At Universal Studios Hollywood, there used to be an attraction called the House Of Horrors. It was a short maze populated by actors dressed as classic Universal monsters like the Wolfman and Frankenstein’s monster, who would jump out to spook patrons while being careful to never actually touch them. Visitors traveled from room to room, admired the scary but harmless stuff that had been placed there for them, jumped at the liberally doled-out unexpected noises, then exited into the daylight and left the whole experience behind them. It was more titillating than terrifying, but that’s exactly what it was going for: the horror equivalent of a sugar rush.

Layers Of Fear, by Polish studio Bloober Team, wears its more sophisticated inspirations on its sleeve—the claustrophobic Repulsion and The Shining, the already legendary P.T.—but it most closely resembles the charming but toothless House Of Horrors. This would be fine, but the game clearly aspires to be something more than just a digital spook house and weighs itself down with literary pretensions almost to the point of sinking. Layers Of Fear is not a good story well told, but when it cuts loose and flexes its horror muscles, it delivers the kind of controlled, almost comforting scares perfect for satisfying a horror sweet tooth.

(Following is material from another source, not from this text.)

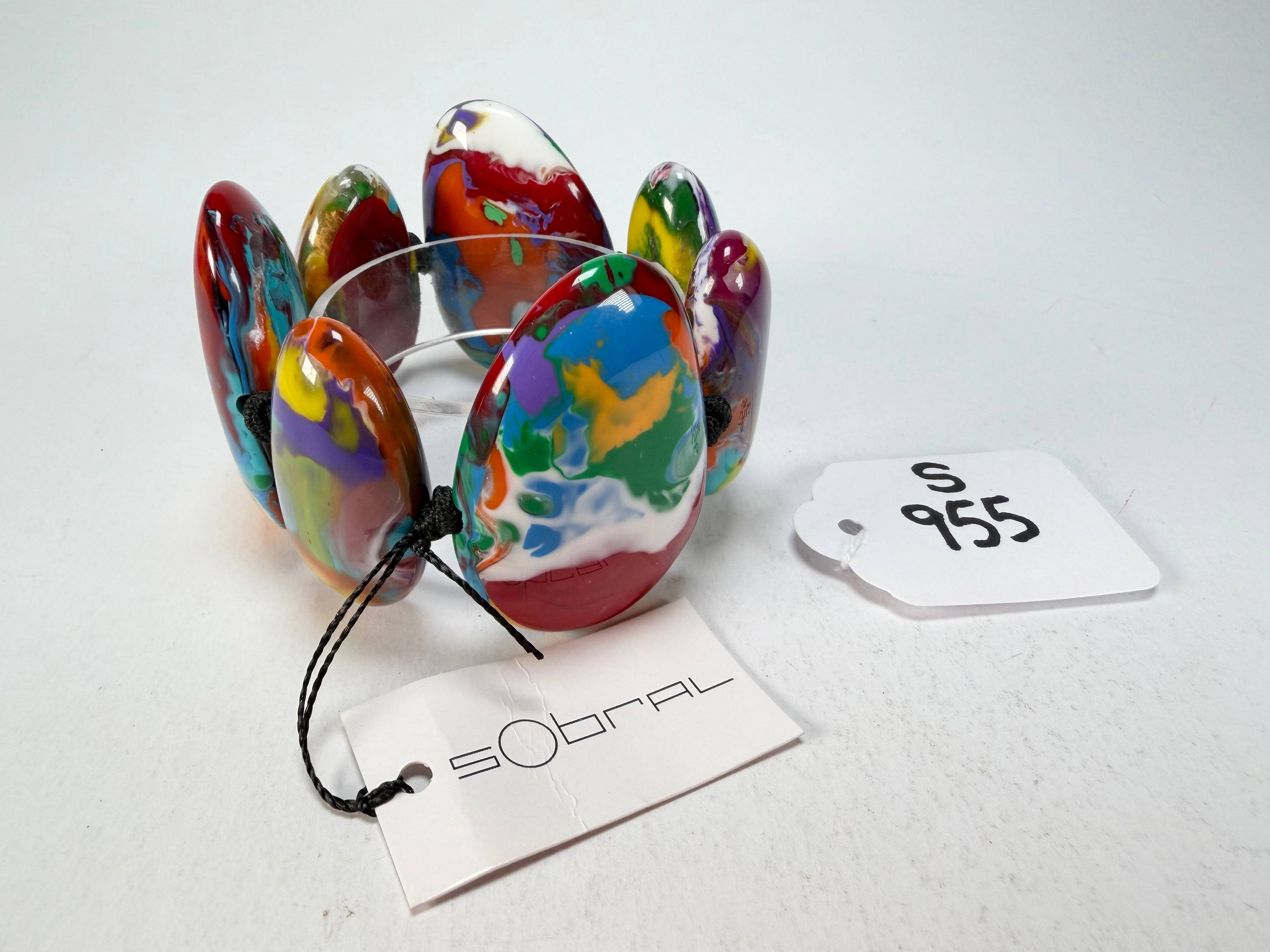 Sobral - Multi-Colour "Wassily" Pollock Elasticated Resin Bracelet ( 003716 )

As horror stories often are, Layers Of Fear is heavy on atmosphere and light on detail. Players are cast as an eccentric, unnamed artist who, at the beginning of the tale, is living alone in a creepy Victorian mansion. (For horror bonus points, the story even begins on a dark and stormy night.) Once the painter enters his studio and removes the sheet that was ominously covering an unfinished painting, the house begins to deform and reconfigure itself, sending the artist on a convoluted journey to gather the grisly ingredients he needs to complete his magnum opus. Along the way, he is accosted by ghosts, rats, and damnatory voices from his past and his own mind.

The artist himself is the biggest problem with the story. He is devoid of personality in a way that suggests he is meant to fit into one of several horror-protagonist archetypes: the fallen everyman, the chillingly vague cipher, or maybe the weakling pushed around by circumstances. In execution, though, he’s just a generic horror “bad man”—he drinks too much, he’s unkind to his family, he obsesses over his work, etc. We learn more about him over the course of the game, but we never get any information that changes or recontextualizes the broad strokes we get in the first hour or so. As a character study, Layers Of Fear is a portrait that gets more detailed but never more meaningful.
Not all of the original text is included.